++++ Records to use ++++
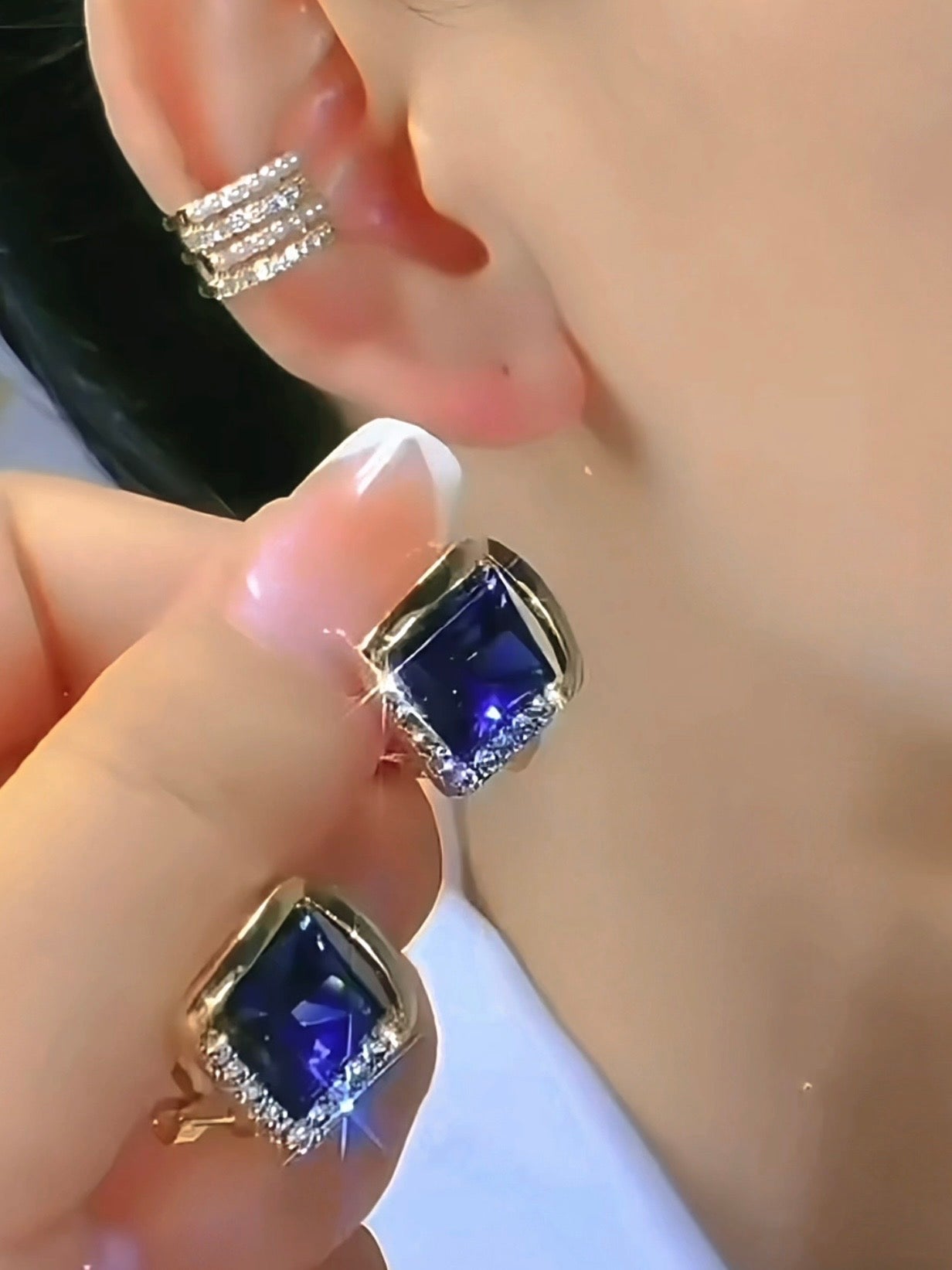 Lucia Earrings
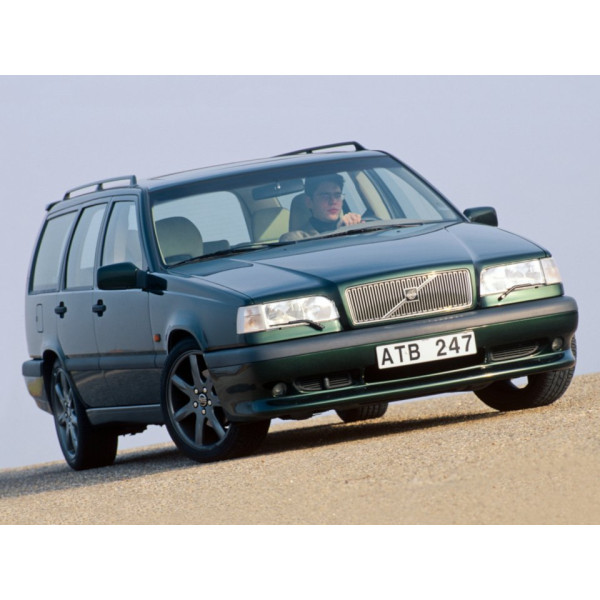 Внутрішня арка/підкрилок для Volvo 850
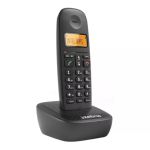 Telefone Sem Fio Digital TS2510 Preto Intelbras 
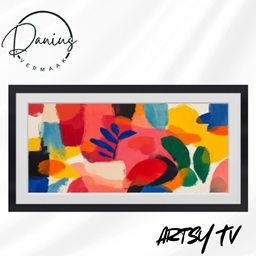 Danius Artsy TV - Set DATV2045 - Basegame compatilbe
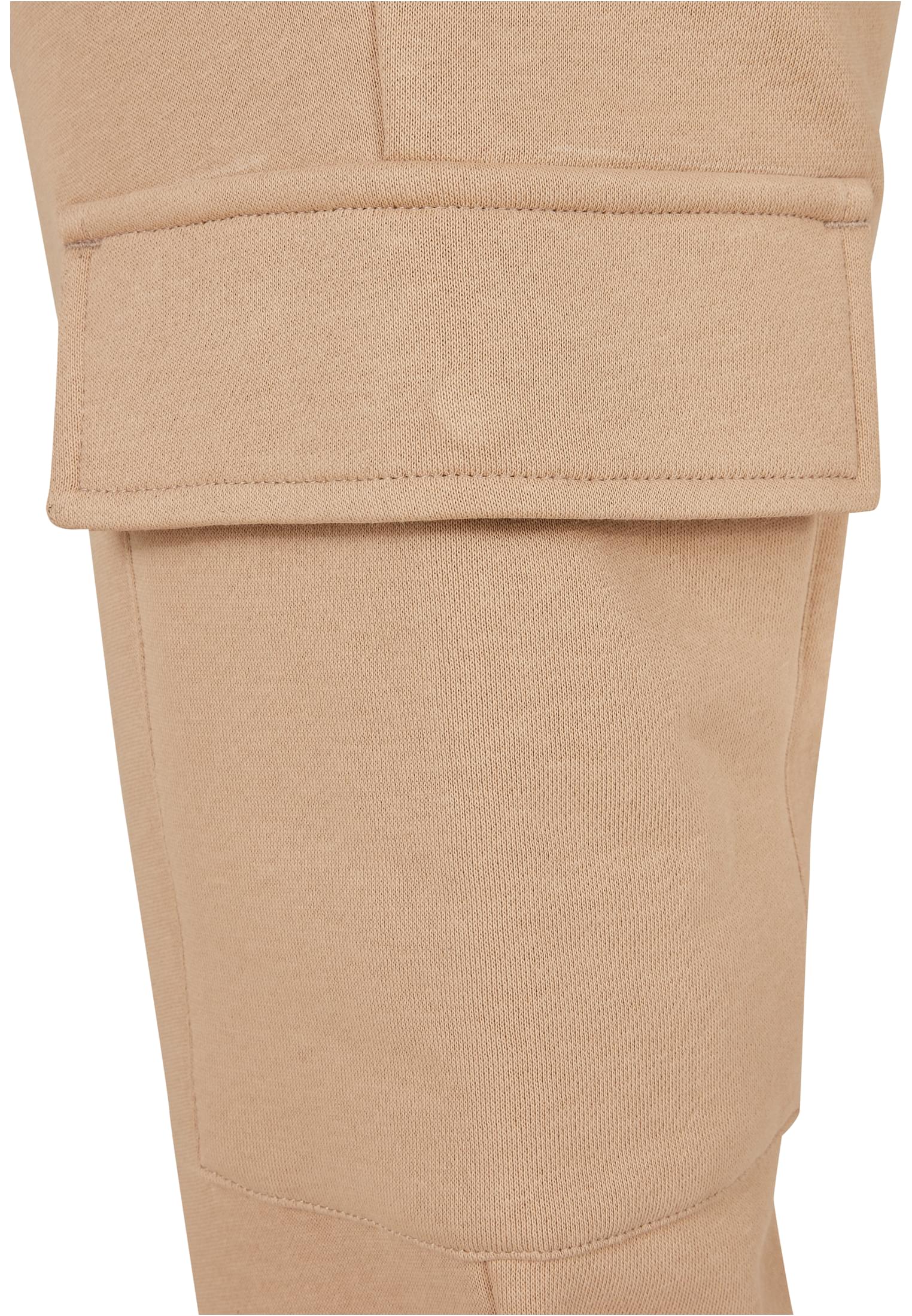 Ladies Cargo Sweat Pants unionbeige 3XL - variant image 10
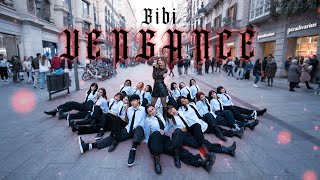 [KPOP IN PUBLIC | ONE SHOT] BIBI  (비비)  VENGEANCE (나쁜년)  | DANCE COVER BY URIVERSE FROM BARCELONA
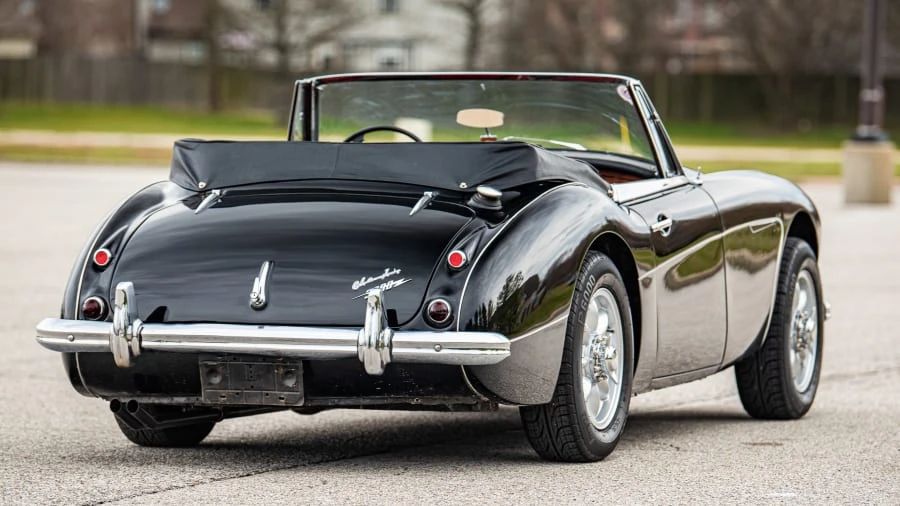 1964 Austin-Healey 3000 Mark III - Image 29 of 31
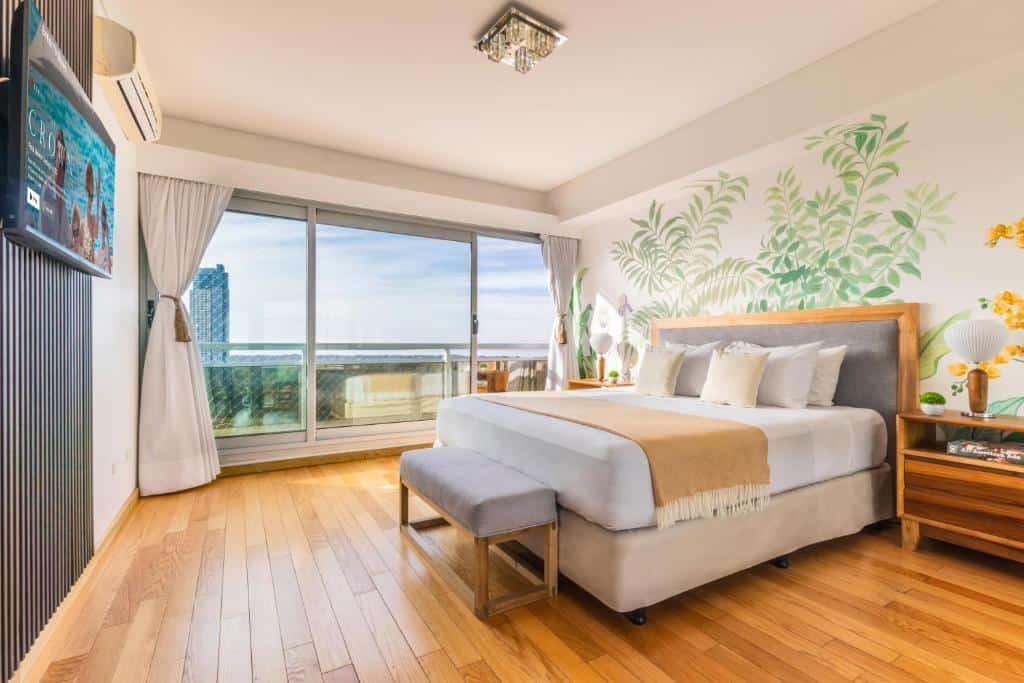 resort experience puerto madero argentina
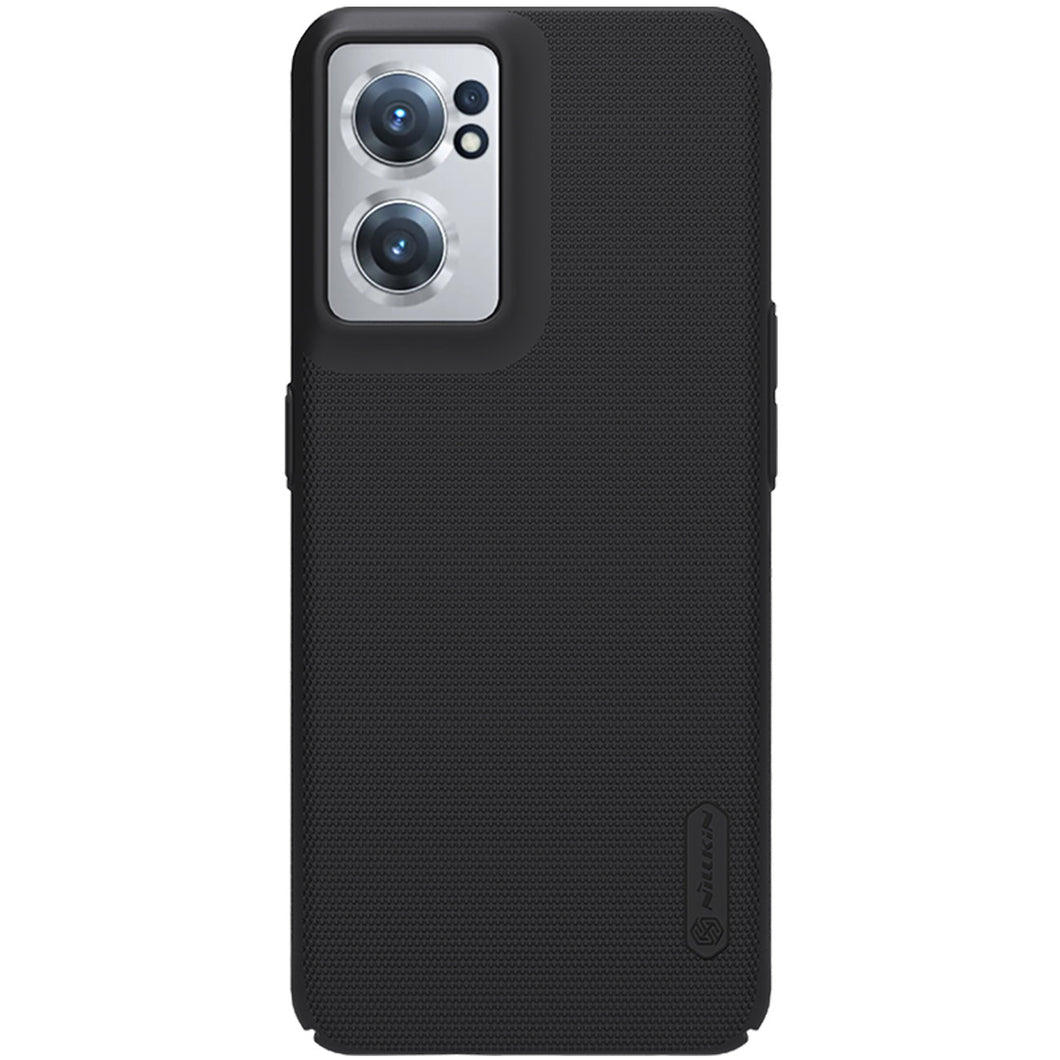 Nillkin Super Frosted Shield Pro hard cover for OnePlus Nord CE 2 5G black - TopMag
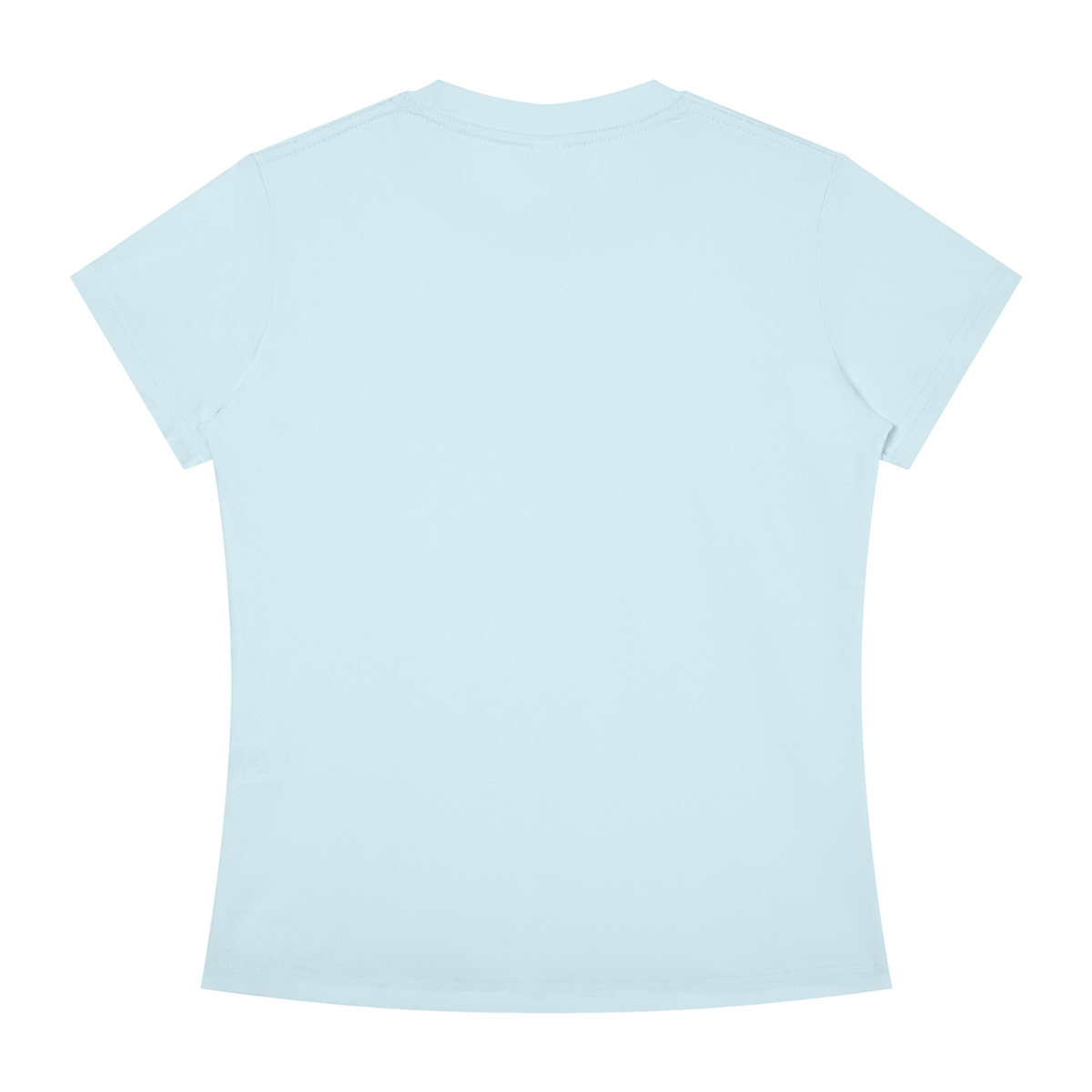 Chosen & Treasured Women's Slim Fit Crewneck T-Shirt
++++
Begin at the first line of the records. Print every line through the one containing "Nillkin Super Frosted" exactly, but skip the pictures.

 Lucia Earrings
 Внутрішня арка/підкрилок для Volvo 850
 Telefone Sem Fio Digital TS2510 Preto Intelbras 
 Danius Artsy TV - Set DATV2045 - Basegame compatilbe
 Ladies Cargo Sweat Pants unionbeige 3XL - variant image 10
 [KPOP IN PUBLIC | ONE SHOT] BIBI  (비비)  VENGEANCE (나쁜년)  | DANCE COVER BY URIVERSE FROM BARCELONA
 1964 Austin-Healey 3000 Mark III - Image 29 of 31
 resort experience puerto madero argentina
 Nillkin Super Frosted Shield Pro hard cover for OnePlus Nord CE 2 5G black - TopMag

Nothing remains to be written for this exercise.